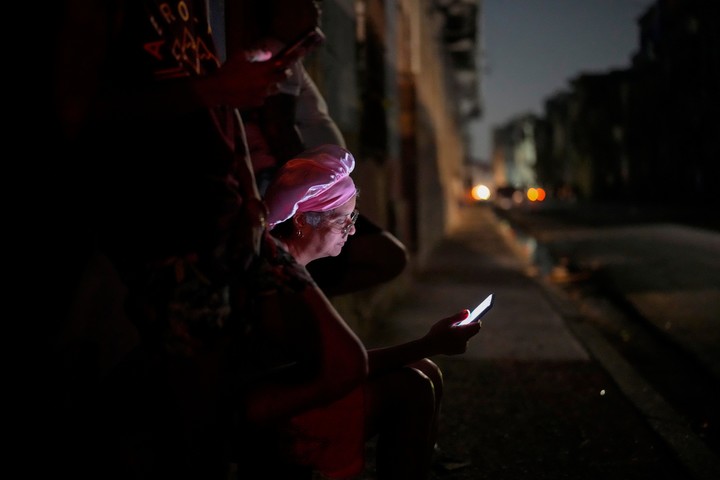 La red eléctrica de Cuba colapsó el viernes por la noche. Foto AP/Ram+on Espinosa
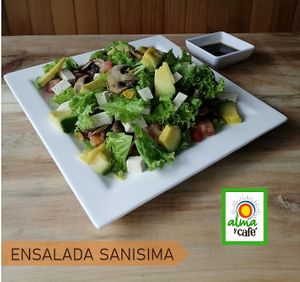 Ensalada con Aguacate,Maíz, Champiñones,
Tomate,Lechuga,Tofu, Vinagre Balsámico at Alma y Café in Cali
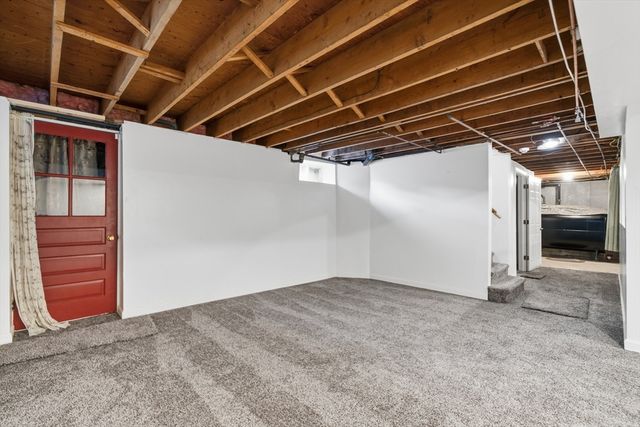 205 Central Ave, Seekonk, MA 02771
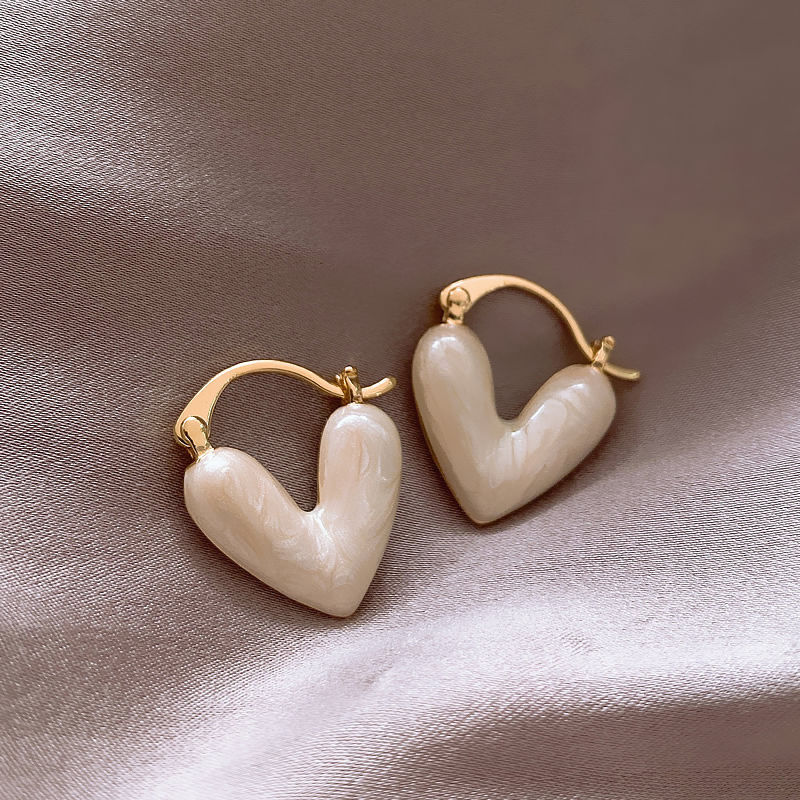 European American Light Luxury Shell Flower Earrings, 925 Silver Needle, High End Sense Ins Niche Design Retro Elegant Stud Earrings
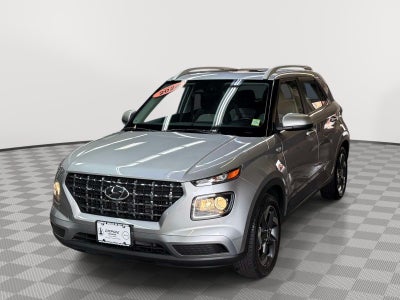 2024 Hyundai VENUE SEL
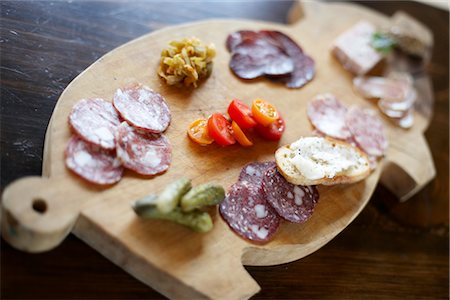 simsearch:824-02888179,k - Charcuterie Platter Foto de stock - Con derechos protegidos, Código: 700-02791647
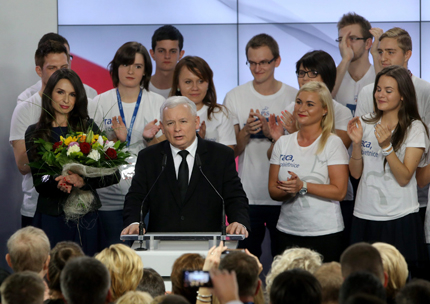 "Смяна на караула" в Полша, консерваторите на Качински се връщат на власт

**Your instructions:**
With the pictures dropped, write out all of the entries word for word.

**Exercise result:**
 La red eléctrica de Cuba colapsó el viernes por la noche. Foto AP/Ram+on Espinosa
 Ensalada con Aguacate,Maíz, Champiñones,
Tomate,Lechuga,Tofu, Vinagre Balsámico at Alma y Café in Cali
 205 Central Ave, Seekonk, MA 02771
 European American Light Luxury Shell Flower Earrings, 925 Silver Needle, High End Sense Ins Niche Design Retro Elegant Stud Earrings
 2024 Hyundai VENUE SEL
 simsearch:824-02888179,k - Charcuterie Platter Foto de stock - Con derechos protegidos, Código: 700-02791647
 "Смяна на караула" в Полша, консерваторите на Качински се връщат на власт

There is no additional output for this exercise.